If these effects are large enough, the tort could cause more harm than benefit. The tort needs to be demanding enough in terms of elements and proof so that an awareness that somebody in the network might do something violent is not enough for liability. Just as public criticism is likely to get some facts wrong but should not easily fall within the scope of defamation, this tort, too, would need to avoid having a scope that would capture, for example, a civil rights leader whose movement produces occasional acts of violence. Indeed, under case law like NAACP v. Claiborne Hardware, courts would have to ensure that leaders of a group are not punished for acts of violence within their protest movement.
But it’s possible for courts to construct a tort that would be strong and clear enough to avoid negative chilling effects and First Amendment conflict. First, the elements of the tort will ensure that it is not sufficient for a plaintiff to show that a defendant has a lot of followers or creates incendiary content that gets circulated a lot. The causation and mental state requirements would reach only individuals who are persistent—who are in the ear, so to speak, of the members of their informal groups on a daily or hourly basis.
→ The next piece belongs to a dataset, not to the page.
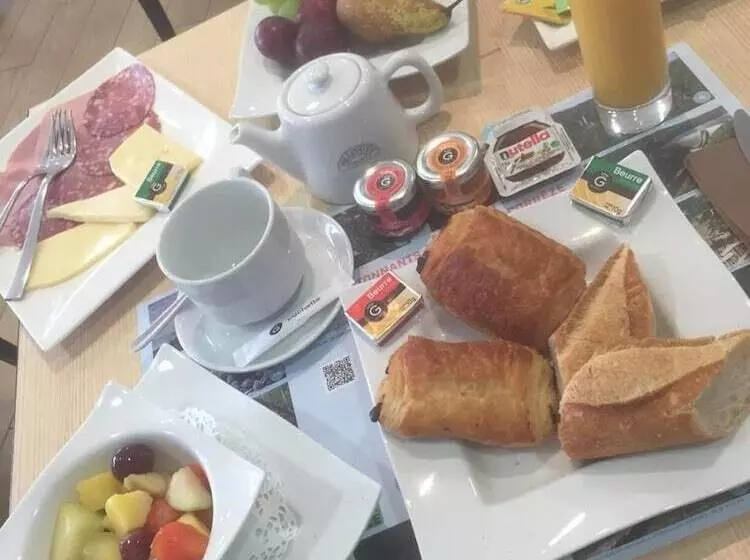 ホテル Auberge De La Xaintrie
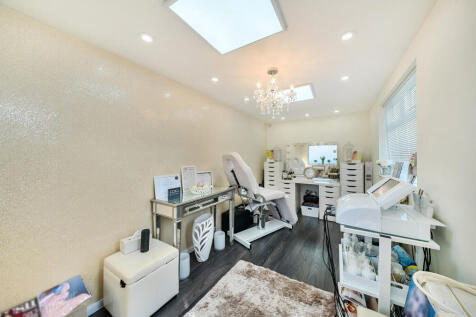 Studio/Office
This is the behavior that keeps members of a loosely affiliated group in a cycle of grievance, and it is a phenomenon unique to, or at least uniquely trackable in, networked communications. And then, even those who are circulating criticism on a daily or hourly basis can keep up their activity as long as they affirmatively dissociate with law-breaking or unprovoked violence.
In other words, tort law should impose a duty on informal leaders only when the leaders have enough information to recognize a tinderbox situation—when discourse goes well beyond criticism to the sort of rhetoric that channels focus into rage. When there is such a tinderbox, leaders can avoid liability by refraining from adding to the grievance rhetoric for a while or by proactively reminding their group members to avoid unnecessary violence.
To be clear, I make this recommendation and argument with a good dose of trepidation. I am nervous about the impact that tort liability of this sort could have on uninhibited debate. But given the current state of affairs, and the threat that conspiracy theorists pose to individuals and institutions everywhere, the experiment is worth trying.